Through her business decisions and strategies, which she describes as “calculated” and “intentional” in her memoir, Kris has built an empire which The Hollywood Reporter says has “forever changed” reality TV, female body image, social media and the “economy of celebrity.” The New York Times says, “No one in her family knew what they were doing until Kris took charge.” So why is it that Kris Jenner still isn’t seen as the powerful, influential businesswoman that she is?

Pruitt, the Manchester College student who studied the KarJenners, believes it has to do with sexism.

“People don’t immediately think of Kris Jenner [as powerful or influential] because she is a woman, she only has a high-school degree, and because the Kardashian empire is built upon her daughters’ beauty and sex appeal and caters to societal beauty and female ideals,” Pruitt explains. “I believe men either see her as a threat, business-wise, or as uneducated, and not worthy of their time, and that women see her as a threat to feminism and women’s rights.”

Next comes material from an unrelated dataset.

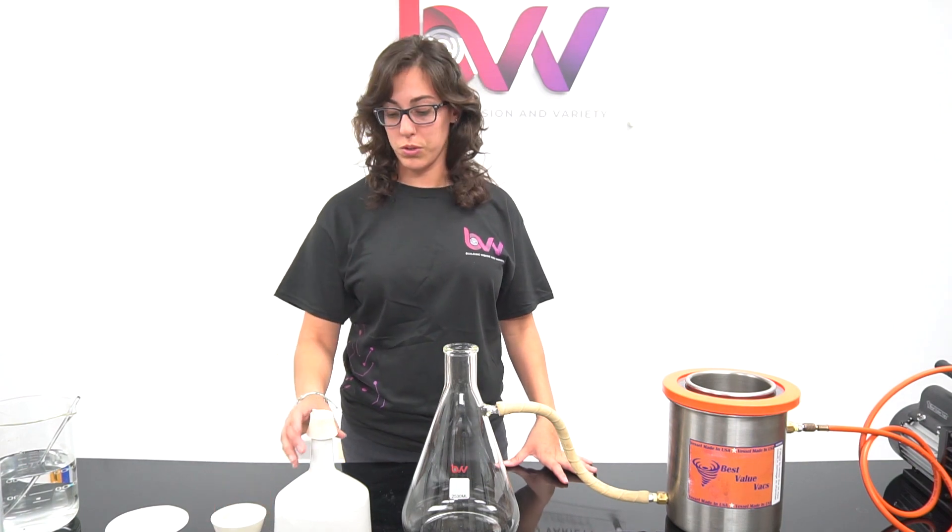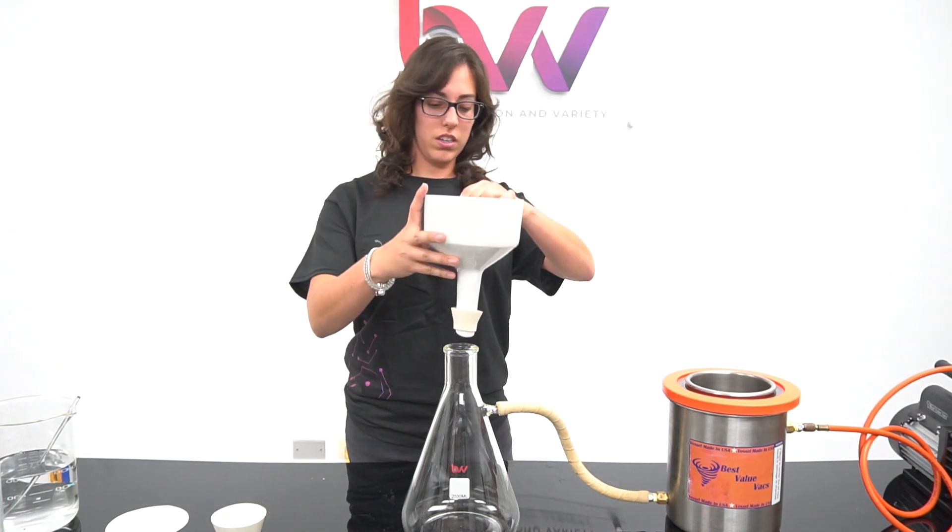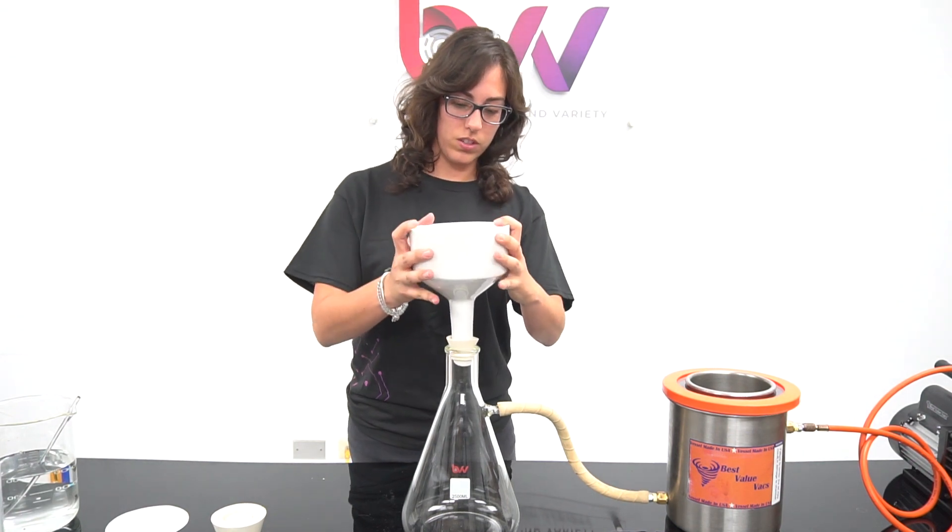To install our funnel on the flask, we find the appropriate size for the rubber cone and place it on the funnel, then place our funnel inside the flask.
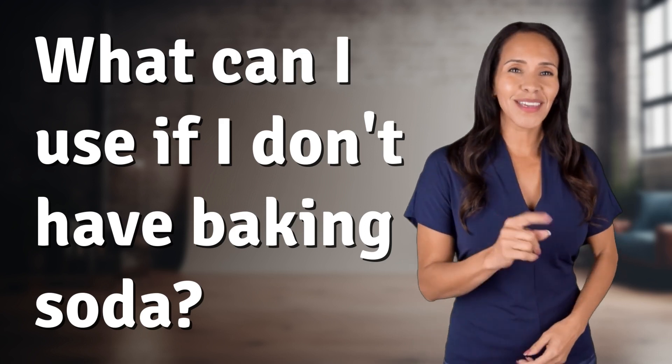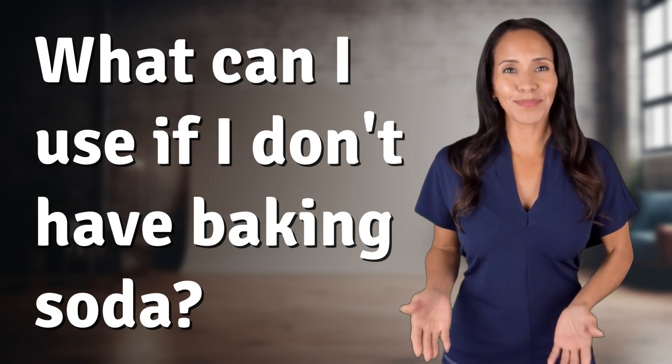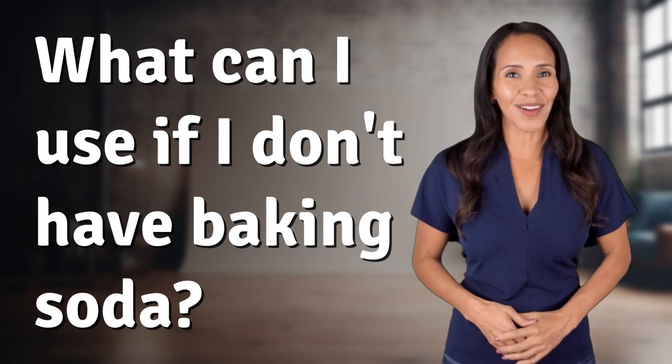Rapid fire answers coming your way — what's today's burning question? Let's find out.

Eliza Cummings-Cove, a graduate of Durham University who wrote her dissertation on the famous family, shares similar sentiments, attributing it to the public’s perception of what a powerful person should look like.

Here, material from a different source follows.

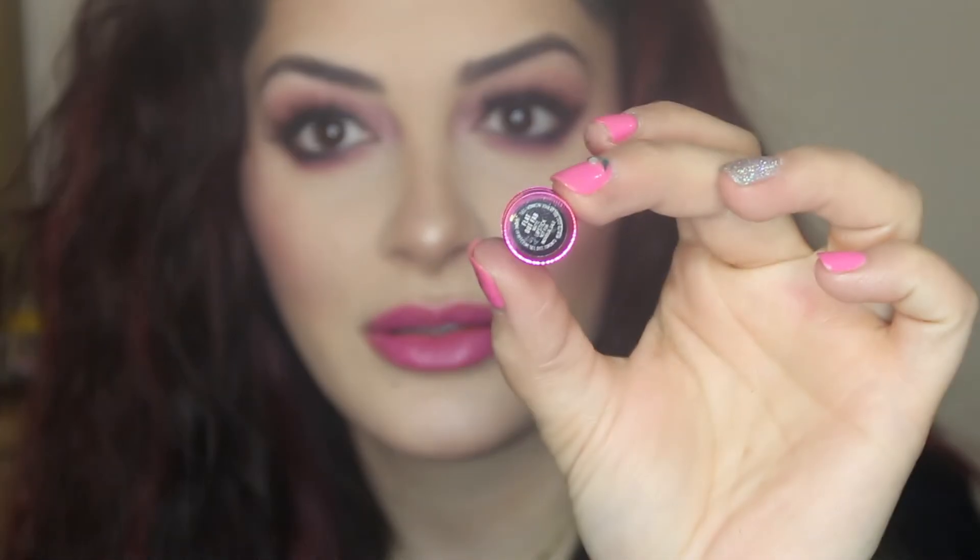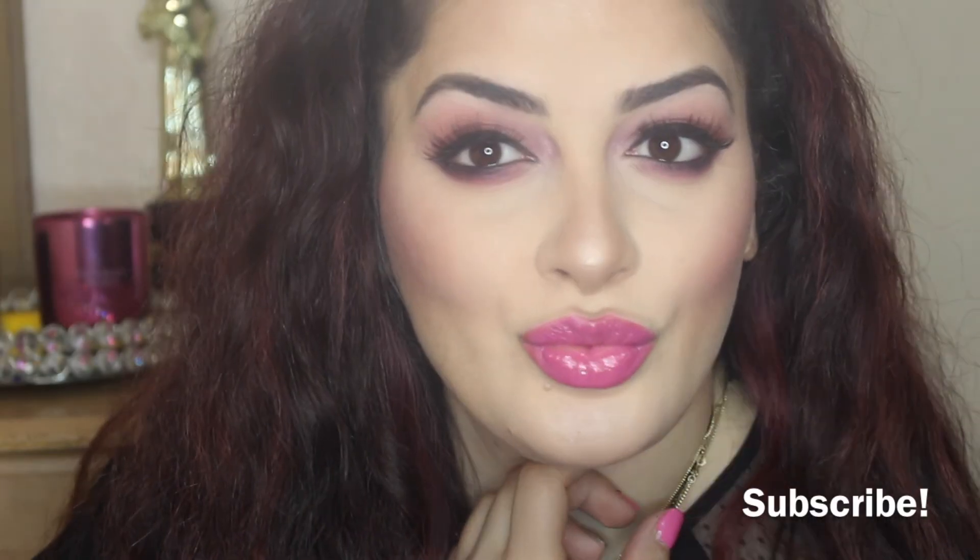Now moving on to the second lip color, which is going to be a deeper pink — kind of like a purpley pink fuchsia. It's a MAC lip color called Flat Out Fab, and it's a matte lipstick as well. I'm doing the same thing with the lip liner and putting that lip gloss on top. I love that glossy look because it makes your lips look bigger. This is the end look, you guys — I hope you enjoyed! Don't forget to like, subscribe, and comment below. Until next time, bye!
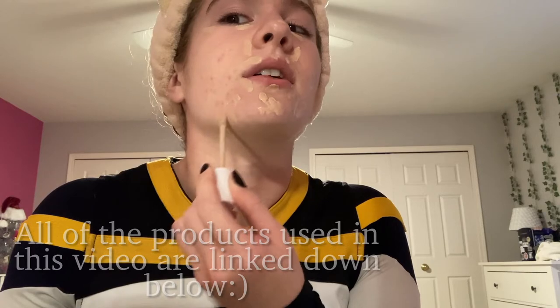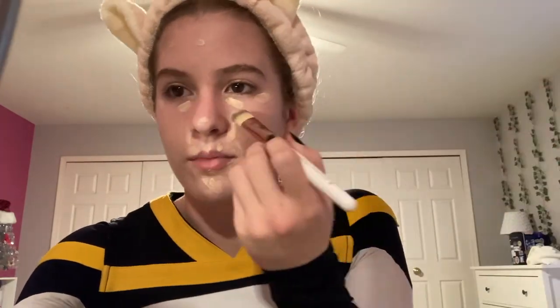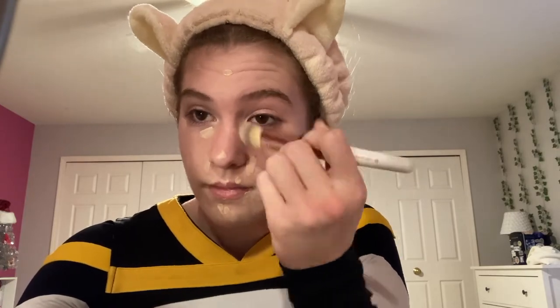I never said I was good at makeup so don't hate on me. The lighting is not great — daylight savings time means it's already dark outside. I take a flat brush — a random brand — and just blend everything out.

“Kris Jenner is not a white man in a suit running a corporation, or even a woman in a suit running a corporation,” she says. “She doesn’t fit the mould of what we think when we say ‘powerful person’. Her empire is also based on things people don’t inherently take seriously—reality TV, beauty and fashion, etc. It’s all about perception.”

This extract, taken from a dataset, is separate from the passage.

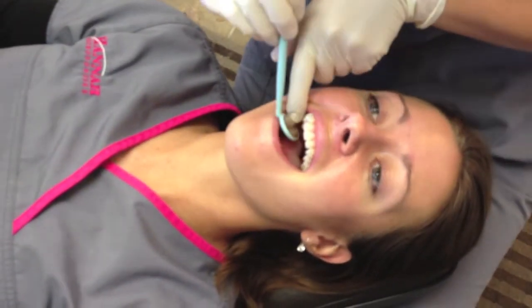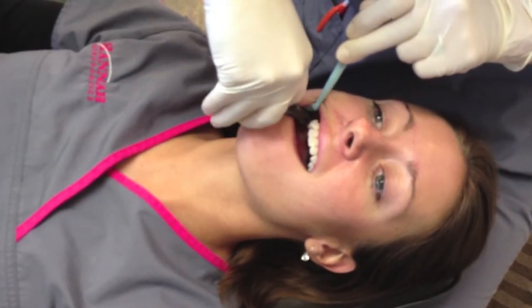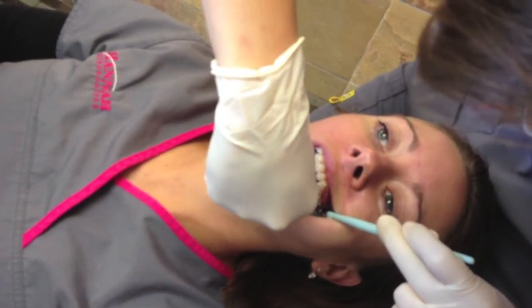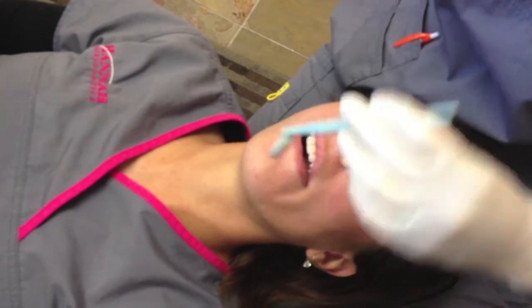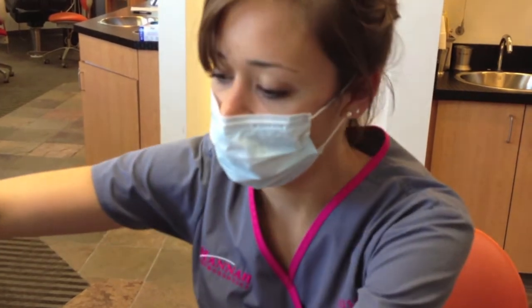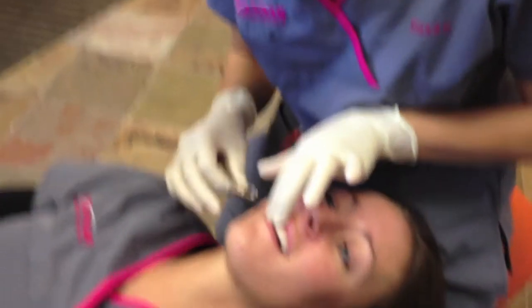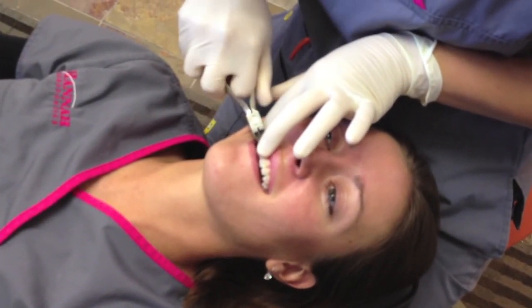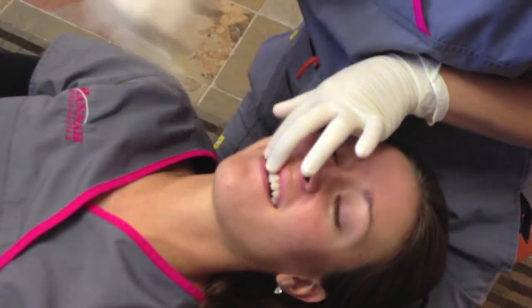I'm gonna look at the back here again and clip all the excess wire. We're gonna put a little stop on the wire — it's just a little teeny tiny crimpable stop. This is gonna keep the wire from sliding around and causing her to come back in for appointments. Even though she works here, she can easily get it out. Just a little stop.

In a way, nothing about Kris’s business is familiar. She looks different than the archetypical tycoon, and she’s blended the ideas of business and motherhood on a scale we don’t often see. Elaine “Lainey” Lui, the maven behind celebrity gossip blog LaineyGossip.com, reporter for CTV’s eTalk and co-host of The Social, says the reason why Kris Jenner isn’t taken seriously in the business world is because her business products and decisions involve her family members.

“That is a really tricky space to navigate,” says Lui. “Kris is the CEO of a company, grooming her children to take over the company, but the company is their personalities. The fact that the company is the family and the company product is the personalities… it’s hard for people to envision… it’s a new way of doing business.”

(Photo: GIPHY)
(Photo: GIPHY)

Rather than call her a great businesswoman, Lui instead sees Kris as a “really great coach” who creates the plays and calls the shots for her “team” of daughters.

“She’s coaching a championship team. She’s getting the best play out of her players—the way that she’s calling the plays, every player gets equal time, every player gets opportunities to shoot their shot,” explains Lui. “Kim shoots her shot, Kylie has been shooting her shot, Khloé, Kourtney and Kendall have all been able to shoot their shot. They all can take different positions on the court and be successful.”

“To me, that is the most tangible way that we have to communicate Kris’s effectiveness. And from there, you could say many people believe that coaches would make great business leaders because they understand their players and they can see the whole game,” says Lui.

But whether you consider her a coach, a villain or a legitimate businesswoman, there’s no doubt Kris Jenner has created a brand and business that has serious staying power. And when the business is that successful, perhaps formal recognition isn’t even needed. So, Kris Jenner, you’re doing amazing sweetie, no matter what anyone else says or thinks.